- W tej chwili dzieją się najważniejsze rzeczy w Unii Europejskiej i wśród krajów strefy euro. Będą podejmowane kluczowe decyzje na wiele lat do przodu. Jeśli na własne życzenie chcemy wyłączyć się z tej dyskusji, to jest to najgorsza rzecz jaką możemy zrobić – mówiła Starczewska-Krzysztoszek.
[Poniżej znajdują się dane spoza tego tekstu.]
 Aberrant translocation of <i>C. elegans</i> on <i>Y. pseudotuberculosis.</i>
Przyznała, że nie musimy jeszcze wchodzić do strefy euro. - Jeszcze nie dyskutowaliśmy rozwiązań, które powinniśmy wprowadzić, aby ustrzec się przed wszystkimi ryzykami, które się zmaterializowały w krajach strefy euro. Nawet Niemcy na początku miały problemy, bo się dobrze nie przygotowały. Ale bardzo szybko zareagowały i są beneficjentem tej waluty – tłumaczyła gość.
Powołajmy radę ds. euro
- Jest propozycja, aby utworzyć radę, która zajmować będzie się analizą różnego rodzaju ryzyk i korzyści. Będzie proponować rozwiązania, które te ryzyka będą zmniejszać lub eliminować - apelowała Starczewska-Krzysztoszek.
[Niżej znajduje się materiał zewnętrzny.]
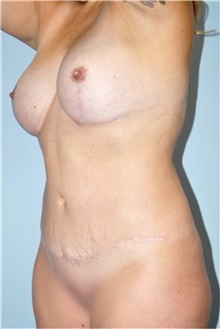 Liposuction Before Photo by Keyian Paydar, MD, FACS; Newport Beach, CA - Case 47140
Przyznała, że wejście do strefy euro oznacza, że będziemy mieć dostęp do tańszego pieniądza. - Taki dostęp miała Grecja i skorzystała z tego „hulaj dusza, piekła nie ma". Efekt był taki, że się poważnie zadłużyła. Pieniądz był tani, bo gwarancją była strefa euro, a nie tylko gospodarka grecka. Dzisiaj już to wszystko wiemy. Trzeba się zastanowić jak zrobić, żeby tani pieniądz, który będzie dostępny dla finansów publicznych nie spowodował nadmiernego zadłużania – mówiła.
- W przypadku przedsiębiorstw bym się bardzo nie obawiała. W bilansach firm widać, że ponad 50 proc. źródeł finansowych to środki własne. Reszta to pieniądz pożyczony, głównie zobowiązania handlowe. Pożyczek i kredytów jest niewiele. Nasz przedsiębiorstwa są ostrożne w sięganiu po zewnętrzne finansowanie – dodała.
Gość podkreśliła, że rada byłaby po to, żeby wszystkie ryzyka zidentyfikować. - Przyjrzeć się wszystkim ryzykom, które zmaterializowały się w krajach strefy euro i zastanowić się jak działać w naszej gospodarce, aby nie przeżywała takiego kryzysu jak niektóre państwa strefy euro na samym początku – mówiła.